* **Work item**: Look through the entries below for the line that contains "Lodging Apartments Almirall", then set down that line and each one after it exactly, through the last.

[Short descriptive text snippets]

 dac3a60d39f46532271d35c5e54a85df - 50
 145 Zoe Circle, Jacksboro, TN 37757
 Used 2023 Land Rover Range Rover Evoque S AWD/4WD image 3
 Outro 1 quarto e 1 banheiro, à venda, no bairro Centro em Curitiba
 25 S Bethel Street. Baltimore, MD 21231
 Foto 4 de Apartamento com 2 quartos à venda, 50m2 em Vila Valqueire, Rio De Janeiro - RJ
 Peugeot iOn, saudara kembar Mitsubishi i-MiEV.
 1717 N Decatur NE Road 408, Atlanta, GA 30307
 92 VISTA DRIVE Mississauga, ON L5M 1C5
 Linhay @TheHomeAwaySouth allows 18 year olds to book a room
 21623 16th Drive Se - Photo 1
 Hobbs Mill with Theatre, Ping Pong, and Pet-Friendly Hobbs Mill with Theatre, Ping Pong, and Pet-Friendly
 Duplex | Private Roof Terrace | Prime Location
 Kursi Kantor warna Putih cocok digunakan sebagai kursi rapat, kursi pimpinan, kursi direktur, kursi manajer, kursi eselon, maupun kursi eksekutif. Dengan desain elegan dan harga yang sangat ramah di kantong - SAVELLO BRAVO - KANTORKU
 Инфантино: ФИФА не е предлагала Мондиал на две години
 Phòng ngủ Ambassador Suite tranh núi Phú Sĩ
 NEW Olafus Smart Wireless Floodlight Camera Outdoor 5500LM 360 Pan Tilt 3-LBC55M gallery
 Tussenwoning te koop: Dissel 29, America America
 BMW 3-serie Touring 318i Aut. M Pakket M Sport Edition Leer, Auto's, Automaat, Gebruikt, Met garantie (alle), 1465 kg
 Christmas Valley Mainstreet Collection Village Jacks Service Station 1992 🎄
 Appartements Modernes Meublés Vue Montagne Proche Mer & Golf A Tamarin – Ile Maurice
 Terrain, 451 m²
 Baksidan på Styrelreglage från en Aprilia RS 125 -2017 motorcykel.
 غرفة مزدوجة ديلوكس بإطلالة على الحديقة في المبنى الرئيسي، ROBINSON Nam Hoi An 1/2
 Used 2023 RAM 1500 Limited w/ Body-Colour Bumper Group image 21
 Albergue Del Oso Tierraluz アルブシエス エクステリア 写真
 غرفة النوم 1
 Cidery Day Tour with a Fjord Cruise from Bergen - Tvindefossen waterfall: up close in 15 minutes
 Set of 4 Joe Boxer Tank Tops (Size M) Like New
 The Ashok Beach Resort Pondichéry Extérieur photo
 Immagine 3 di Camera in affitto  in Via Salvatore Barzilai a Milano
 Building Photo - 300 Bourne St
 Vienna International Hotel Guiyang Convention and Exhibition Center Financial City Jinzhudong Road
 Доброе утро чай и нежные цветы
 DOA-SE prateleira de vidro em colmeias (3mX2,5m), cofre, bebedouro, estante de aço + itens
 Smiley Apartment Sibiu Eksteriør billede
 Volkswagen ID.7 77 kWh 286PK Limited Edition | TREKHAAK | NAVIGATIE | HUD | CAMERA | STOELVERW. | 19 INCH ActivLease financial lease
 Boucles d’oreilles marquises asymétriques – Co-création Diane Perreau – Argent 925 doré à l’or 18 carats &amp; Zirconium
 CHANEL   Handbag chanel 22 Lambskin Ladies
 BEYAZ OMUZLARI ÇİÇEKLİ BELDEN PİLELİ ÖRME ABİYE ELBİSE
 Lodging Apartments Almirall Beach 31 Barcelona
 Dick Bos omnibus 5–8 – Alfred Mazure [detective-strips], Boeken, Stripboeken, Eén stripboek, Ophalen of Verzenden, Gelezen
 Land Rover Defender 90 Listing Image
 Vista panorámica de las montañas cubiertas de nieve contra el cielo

* **Answer section**:
 Lodging Apartments Almirall Beach 31 Barcelona
 Dick Bos omnibus 5–8 – Alfred Mazure [detective-strips], Boeken, Stripboeken, Eén stripboek, Ophalen of Verzenden, Gelezen
 Land Rover Defender 90 Listing Image
 Vista panorámica de las montañas cubiertas de nieve contra el cielo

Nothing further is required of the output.